**Activity**
Copy the listing exactly; drop the pictures.

**Raw data**
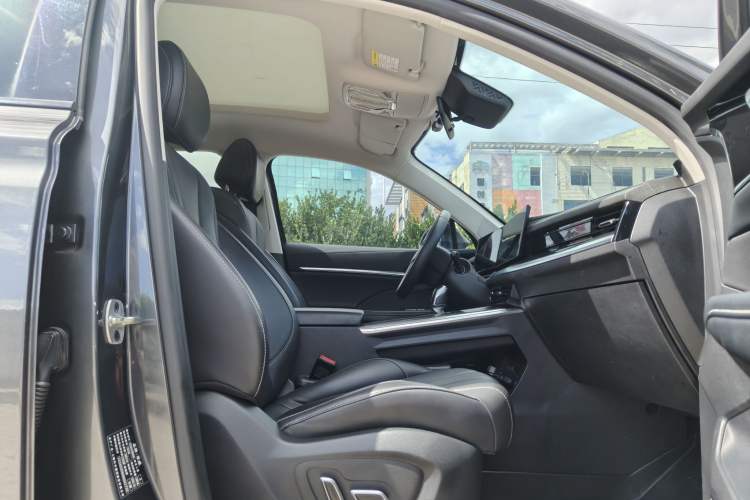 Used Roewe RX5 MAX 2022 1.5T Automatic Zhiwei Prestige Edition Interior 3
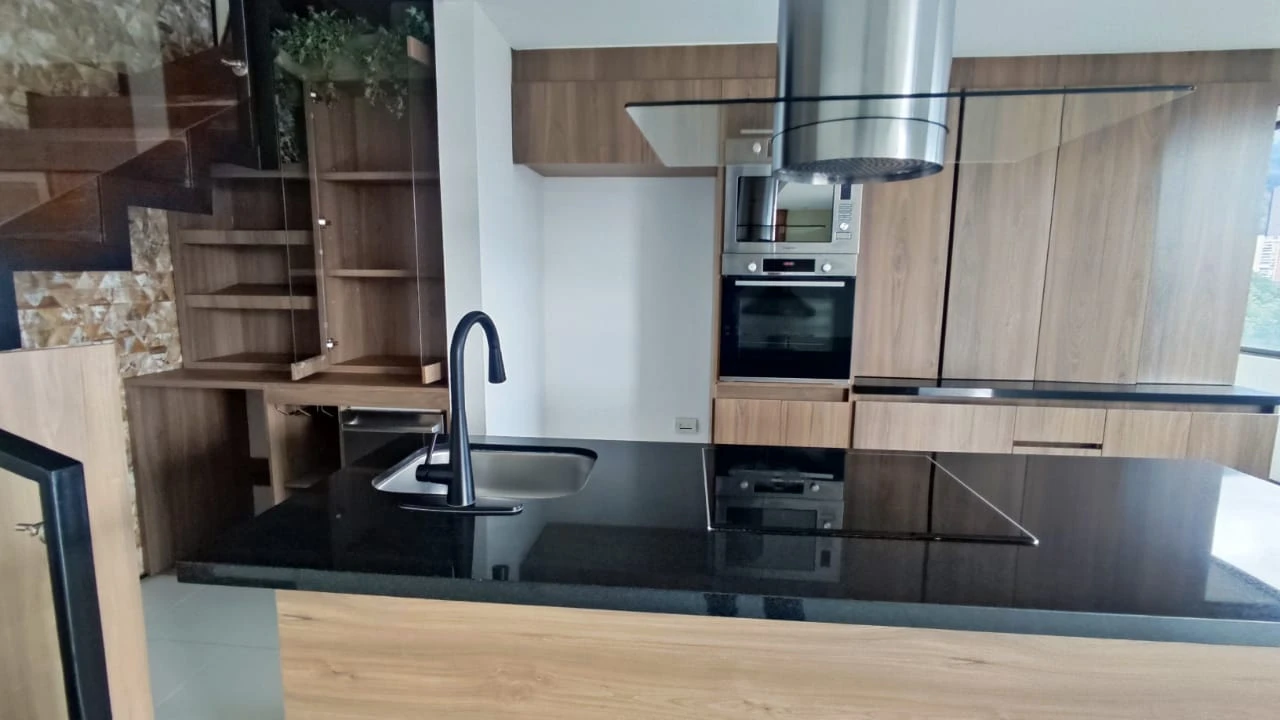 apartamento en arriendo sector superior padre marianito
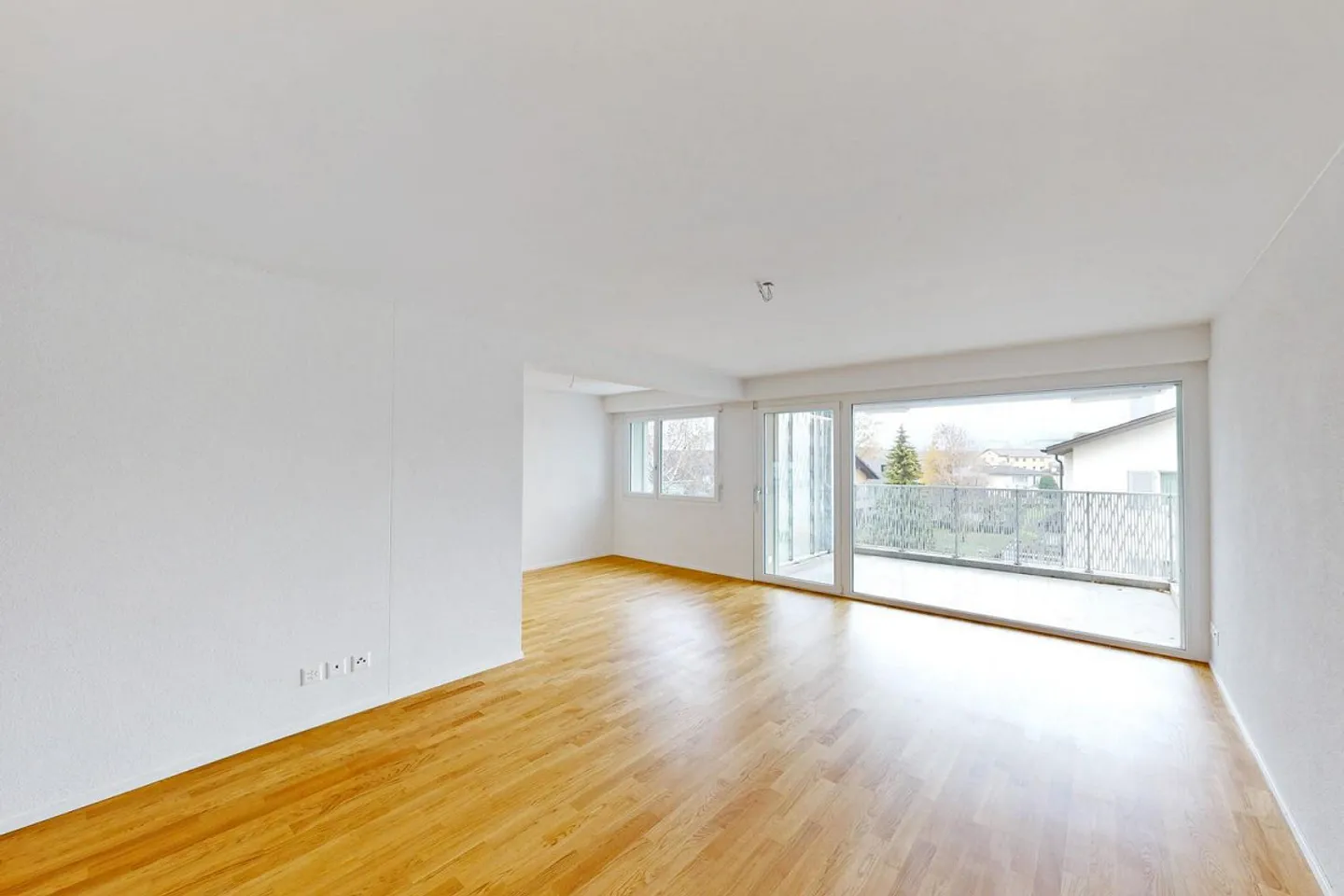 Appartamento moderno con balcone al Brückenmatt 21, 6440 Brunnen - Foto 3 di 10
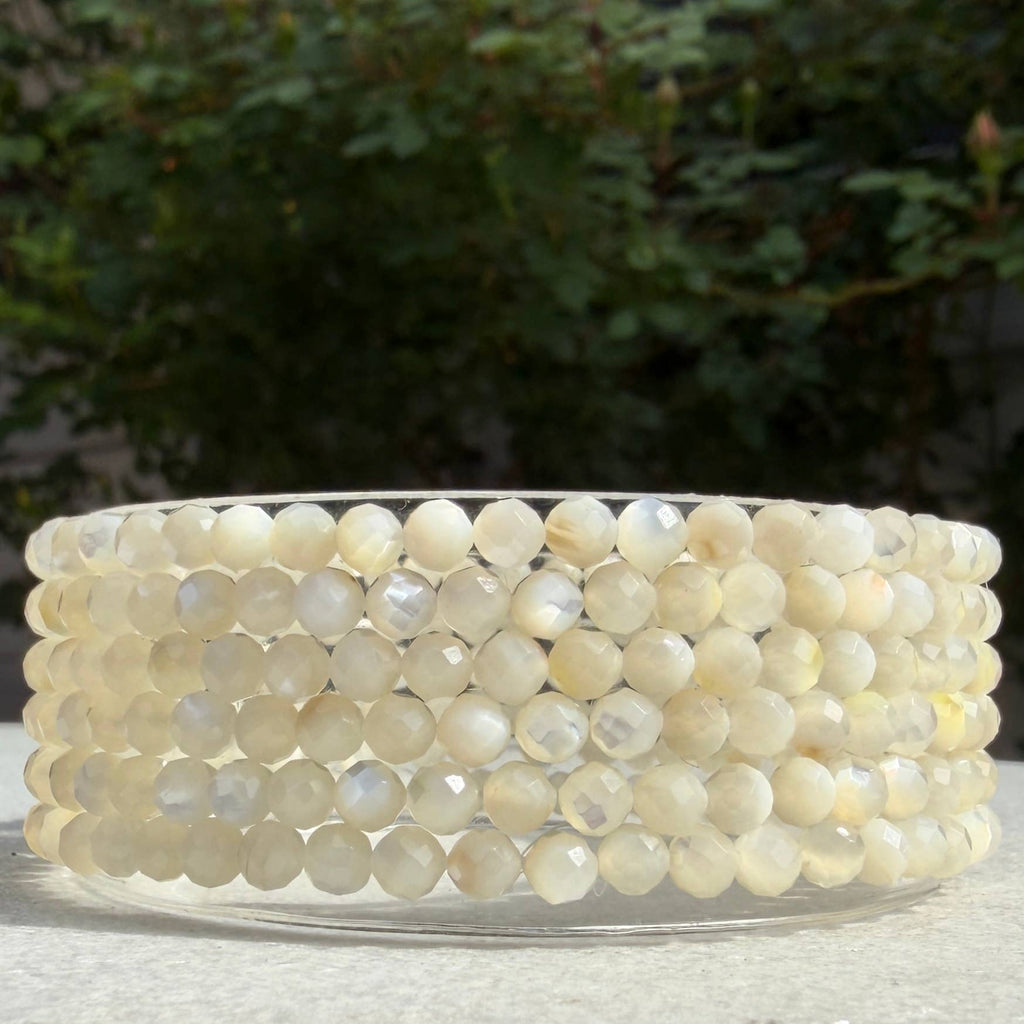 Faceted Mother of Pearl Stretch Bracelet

**Output below**
 Used Roewe RX5 MAX 2022 1.5T Automatic Zhiwei Prestige Edition Interior 3
 apartamento en arriendo sector superior padre marianito
 Appartamento moderno con balcone al Brückenmatt 21, 6440 Brunnen - Foto 3 di 10
 Faceted Mother of Pearl Stretch Bracelet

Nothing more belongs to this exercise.